TAIEX goes into consolidation
The stock market consolidated yesterday after rallying a day earlier, with the TAIEX encountering technical resistance at 7,300 points, dealers said.
Buying rotated to the old economy sector, such as food and financials, to offset selling in select large-cap electronics stocks, which have been hampered by lingering global demand concerns, they said.
The weighted index closed up 9.13 points, or 0.13 percent, at 7,295.46 on turnover of NT$68.24 billion (US$2.27 billion).
Per-capita debt unchanged
The average debt burden for each Taiwanese stood at NT$216,000 as of July 31, the same as the June figure, according to the latest National Debt Clock data.
As of the end of last month, the central government carried a long-term — more than one year — debt of NT$4.8745 trillion and a short-term debt of NT$150 billion. The per-capita national debt was NT$216,000, the National Treasury Agency said yesterday.
Bonds fetch record-low yields
Government bonds rallied after the Ministry of Finance sold 20-year debt at a record-low yield, reflecting demand from banks for the higher returns offered by longer-dated securities.

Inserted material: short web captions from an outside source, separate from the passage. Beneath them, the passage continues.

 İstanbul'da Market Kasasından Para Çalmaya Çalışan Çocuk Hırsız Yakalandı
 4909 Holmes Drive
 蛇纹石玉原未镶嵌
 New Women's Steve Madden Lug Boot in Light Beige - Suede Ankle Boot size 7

The ministry sold NT$30 billion of the securities at 1.597 percent.
The yield on the 1.5 percent securities maturing August 2032 dropped 1 basis point to 1.599 percent, according to GRETAI Securities Market.
Acer down on Microsoft tablet
Computer vendor Acer Inc (宏碁) yesterday said that Microsoft Corp’s decision to launch its own tablet in October would have a negative impact on its Windows ecosystem.

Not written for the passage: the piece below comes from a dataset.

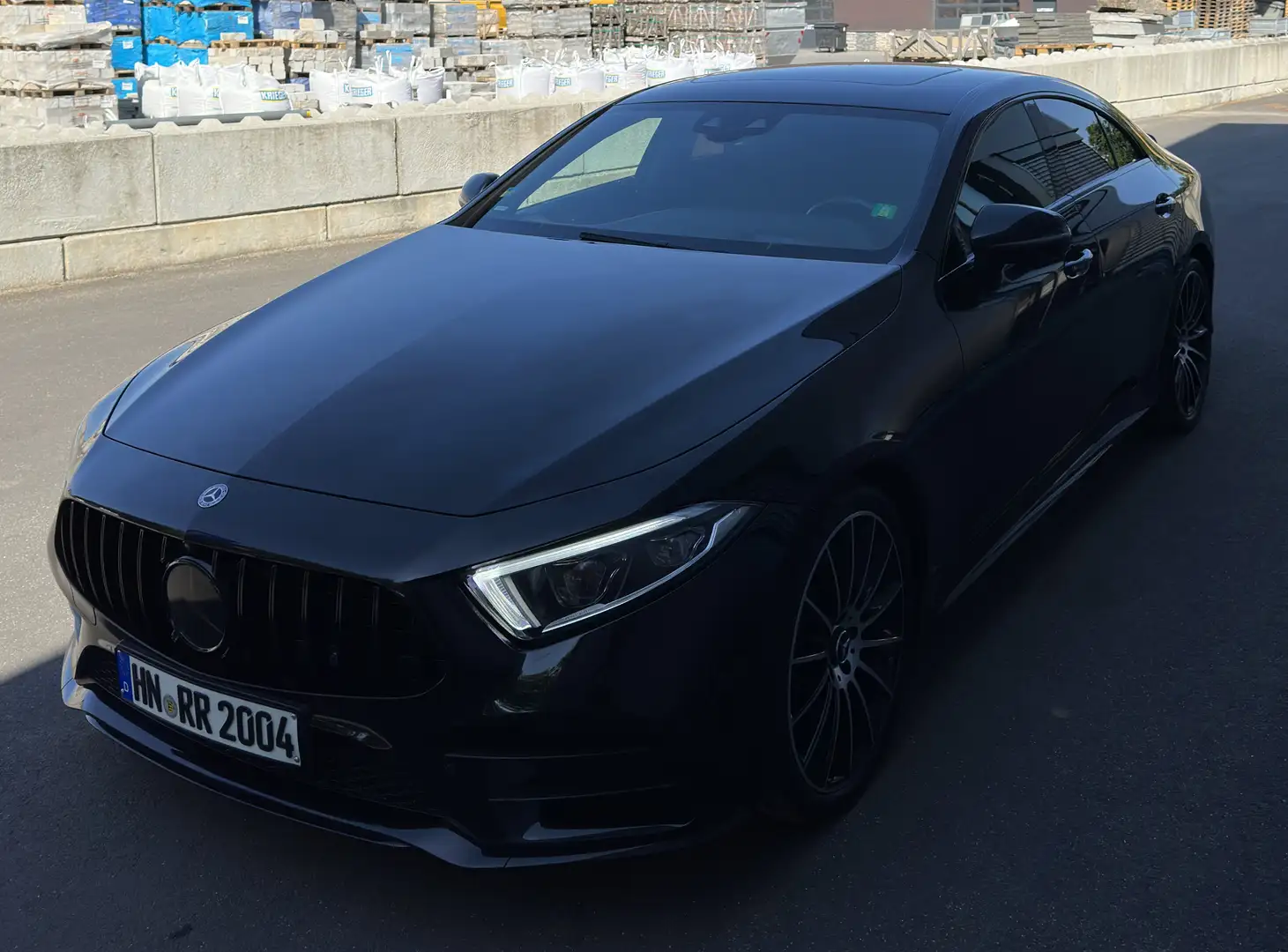 Mercedes-Benz CLS 400 d 4Matic 9G-TRONIC AMG Line Schwarz - 2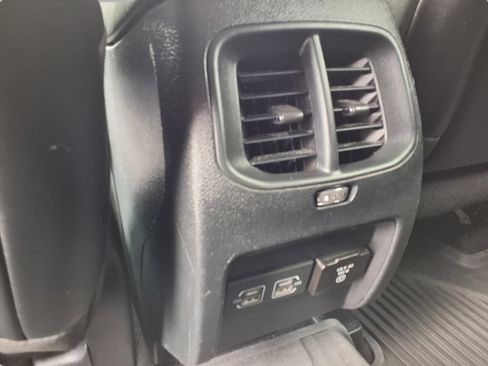 Certified 2022 Jeep Cherokee Limited w/ Mopar Interior Package AWD/4WD image 22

“Of course, we discussed the situation internally after Microsoft unveiled its ‘Surface’ tablet, and we think the impact will be negative because Microsoft cannot clearly define what its strategy is,” Acer spokesman Henry Wang (汪島雄) said.
The Financial Times reported yesterday that Acer chairman Wang Jeng-tang (王振堂) had asked the software giant to “think twice” because other PC brands might react negatively to the idea.

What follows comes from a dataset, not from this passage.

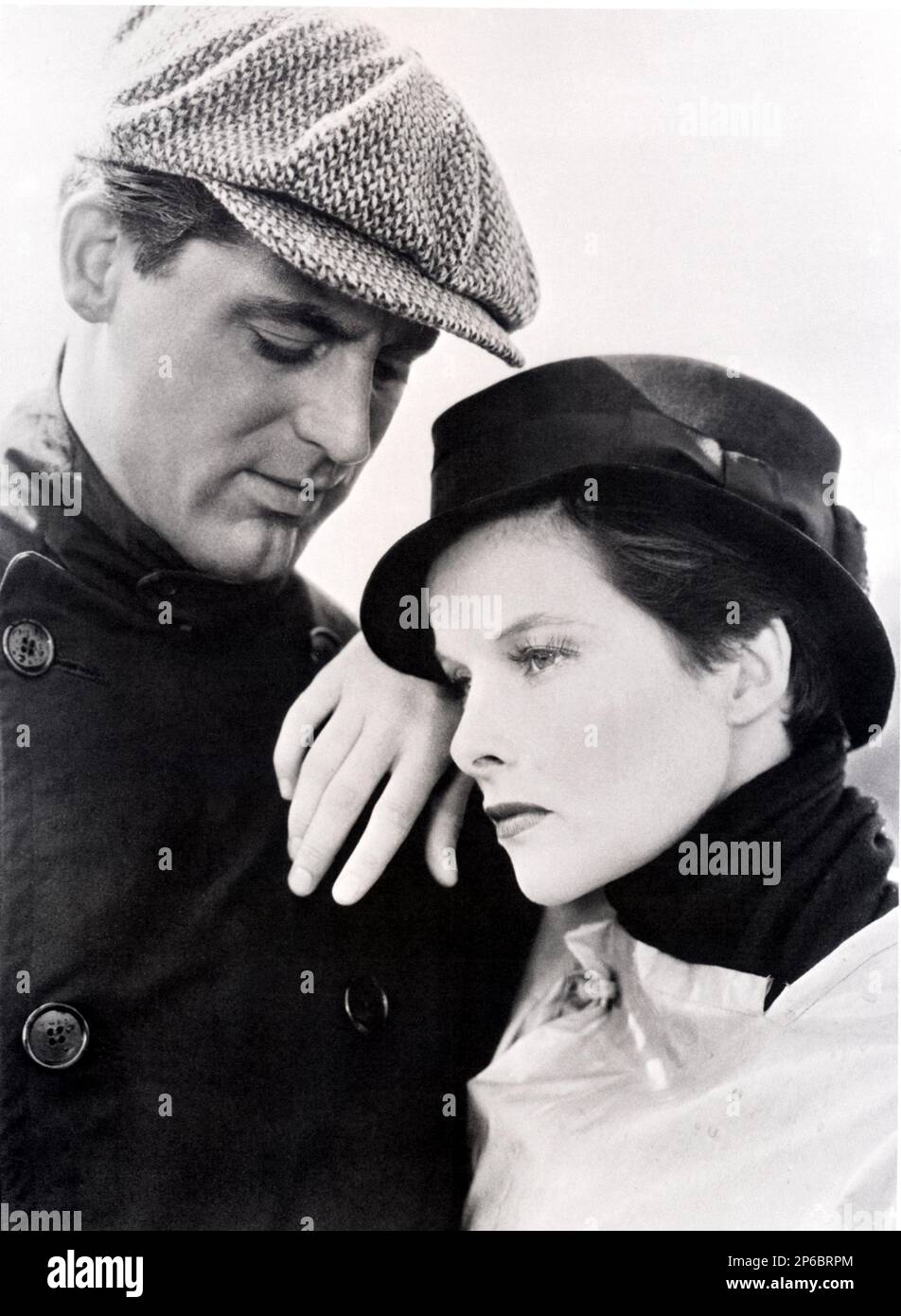 1936 , USA : die Filmdarsteller CARY GRANT und KATHARINE HEPBURN in SYLVIA SCARLETT ( Il Diavolo è femmina ) von George Cukor , aus einem Roman von Compton Mackenzie . - KINO - FILM - Donna vestita da uomo - Frau in Männerbekleidung - in Abiti maschili - Transvestite - SCHWUL - homosexuell - Homosexualität - omosessualità - Omossuale - Portrait - ritratto - Hut - cappello - profilo - Profil --- Archivio GBB Stockfoto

China Steel profit plummets
China Steel Corp (中鋼) said yesterday its pretax profit fell sharply last month from June, when it recorded large returns from its non-core business investments.
Last month, China Steel posted NT$705 million in (US$23.5 million) in pretax profit, down 38.33 percent from June and 65.91 percent lower from a year earlier.
The steelmaker registered NT$18.11 billion in sales, up 3.39 percent from June, but down 12.41 percent year-on-year.
In the first seven months of this year, China Steel posted NT$2.63 billion in pretax profit, or NT$0.17 per share, on sales of NT$128.79 billion.
Catcher sales decline 6.8%
Metal casing manufacturer Catcher Technology Co (可成科技) said on Monday that revenues declined last month because of weak handset casing shipment and delayed notebook casing demand.
Catcher said consolidated revenue was NT$3.1 billion last month, down 7.08 percent from NT$3.33 billion in June and 6.81 percent from NT$3.32 billion a year earlier.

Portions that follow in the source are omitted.